If fulfilled, the total deal would constitute one of the largest publicly disclosed arms transfers to South Sudan since the outbreak of fighting in December 2013.
Amnesty International has not been able to determine whether some or all of the weapons listed in these documents have yet been delivered to South Sudan. However, a UK company may violate UK export control laws even by being involved in the negotiation of an arms deal to South Sudan. The involvement of the Ukrainian state-owned arms company and a UAE private company in weapons supplies to South Sudan also potentially contravenes the Ukraine and UAE’s obligations as signatories to the Arms Trade Treaty.
S-Profit’s director –a Ukrainian national based outside the UK – denied to Amnesty International that the firm had supplied military products to South Sudan, but has not responded to further questions, including whether it played an intermediary role.
Amnesty International affirmed that it has provided UK authorities with the documents and information it has obtained. The report also reveals that the UK government has, for more than eight years, been aware of UK shell companies being used unlawfully as contract vehicles for weapons dealers to supply arms to human rights violators and embargoed destinations including Syria, Eritrea and South Sudan. Yet, the UK has made no regulatory changes to address these gaps.
Meanwhile, South Sudanese President Salva Kiir Mayardit said he was not happy about the ongoing civil war and suffering of citizens in the country.

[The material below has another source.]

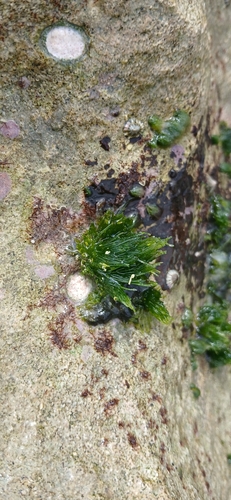 Chaetomorpha antennina observed 2026-03-16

"I am not really happy. I can be seen to be happy but hurting inside. How can I be happy when I see my people suffering? People are starving and dying in criminal actions and battles.” Kiir said in an interview with SSBC on Friday.
“Being the leader I must put a brave face where I can be seen to be happy but I am not happy,” he added.
Kiir pointed out that the national dialogue is a hope that will reunite the people of South Sudan address grievances which were not tackled by the 2015 peace accord.
The world’s youngest nation has been embroiled in a violent conflict since 2013, when a split between President Salva Kiir and his former vice president, Riek Machar, escalated into outright civil war.
The devastating conflict has killed tens of thousands of people and displaced millions that have sought refuge in neighboring countries.